### EXERCISE DIRECTIONS
From start to finish, set down the entries below exactly, leaving out the pictures.

Captioned web image data
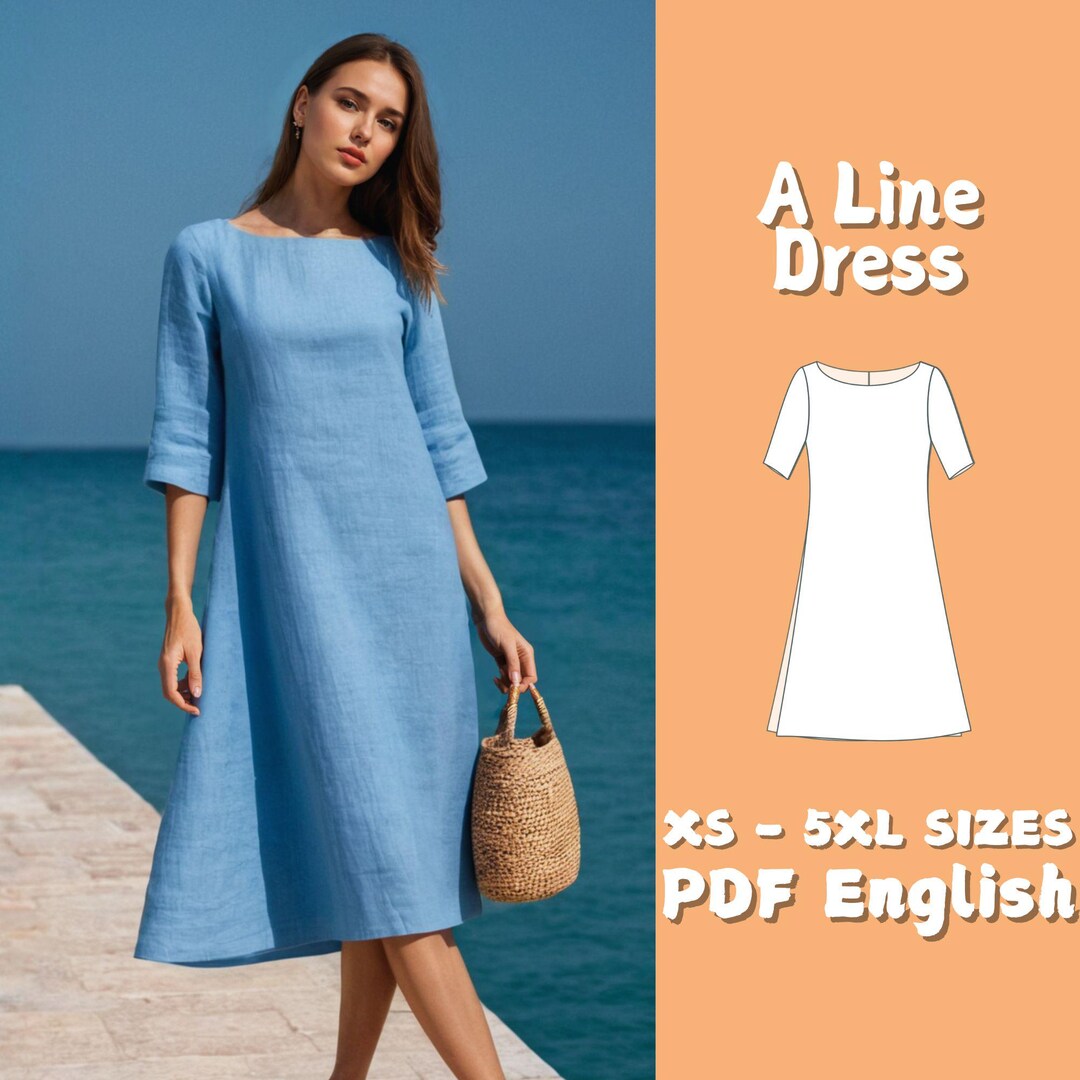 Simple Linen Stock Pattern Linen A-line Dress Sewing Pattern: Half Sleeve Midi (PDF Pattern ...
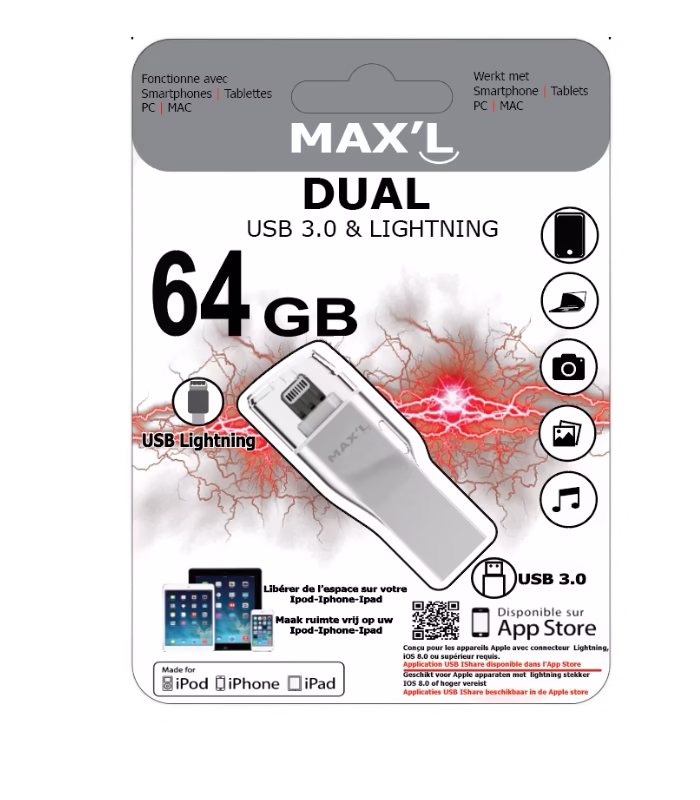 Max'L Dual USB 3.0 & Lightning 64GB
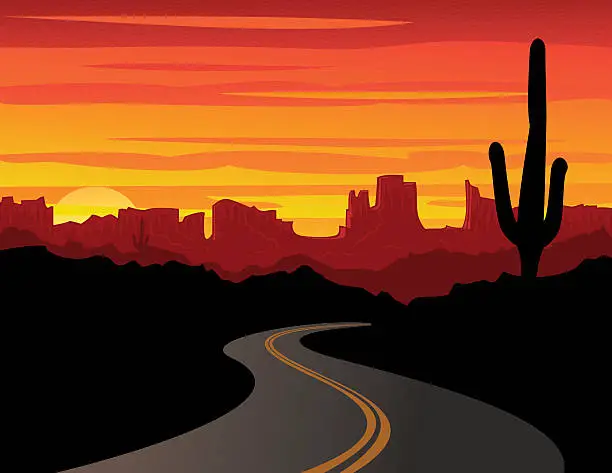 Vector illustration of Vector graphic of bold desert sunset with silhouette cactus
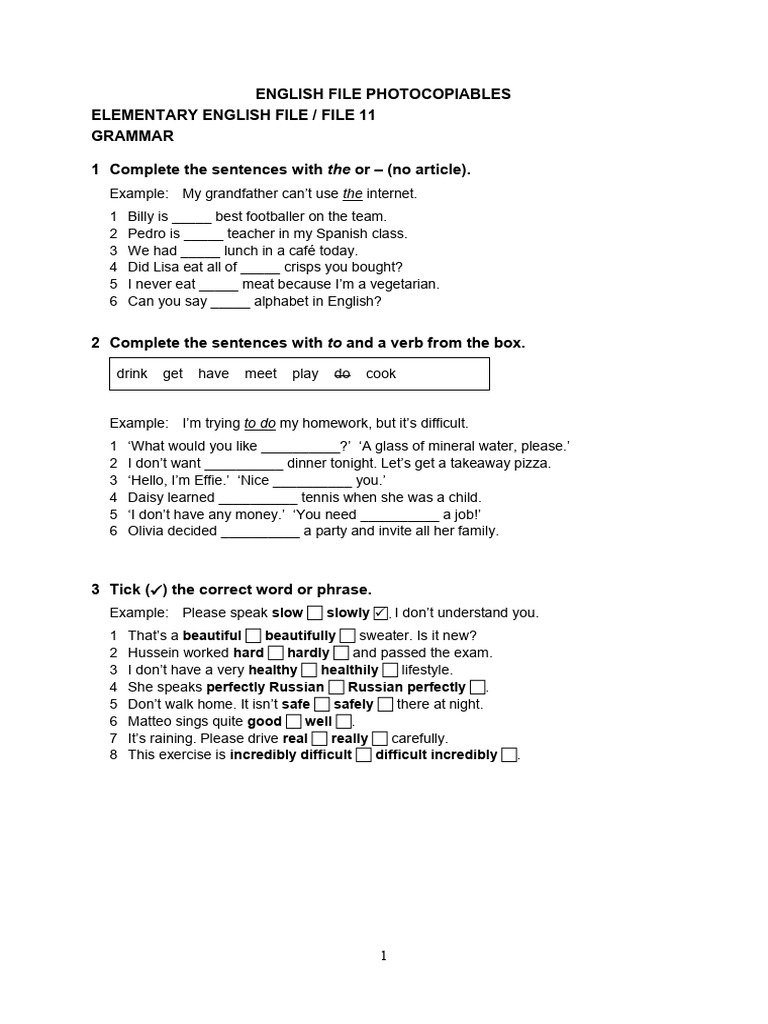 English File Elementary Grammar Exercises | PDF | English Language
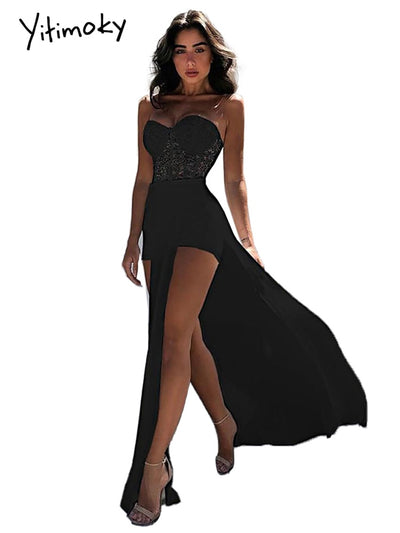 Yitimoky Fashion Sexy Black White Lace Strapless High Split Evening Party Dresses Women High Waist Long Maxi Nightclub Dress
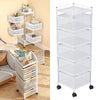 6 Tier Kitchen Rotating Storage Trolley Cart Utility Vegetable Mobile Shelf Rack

### RESULT FOR THIS TASK
 Simple Linen Stock Pattern Linen A-line Dress Sewing Pattern: Half Sleeve Midi (PDF Pattern ...
 Max'L Dual USB 3.0 & Lightning 64GB
 Vector illustration of Vector graphic of bold desert sunset with silhouette cactus
 English File Elementary Grammar Exercises | PDF | English Language
 Yitimoky Fashion Sexy Black White Lace Strapless High Split Evening Party Dresses Women High Waist Long Maxi Nightclub Dress
 6 Tier Kitchen Rotating Storage Trolley Cart Utility Vegetable Mobile Shelf Rack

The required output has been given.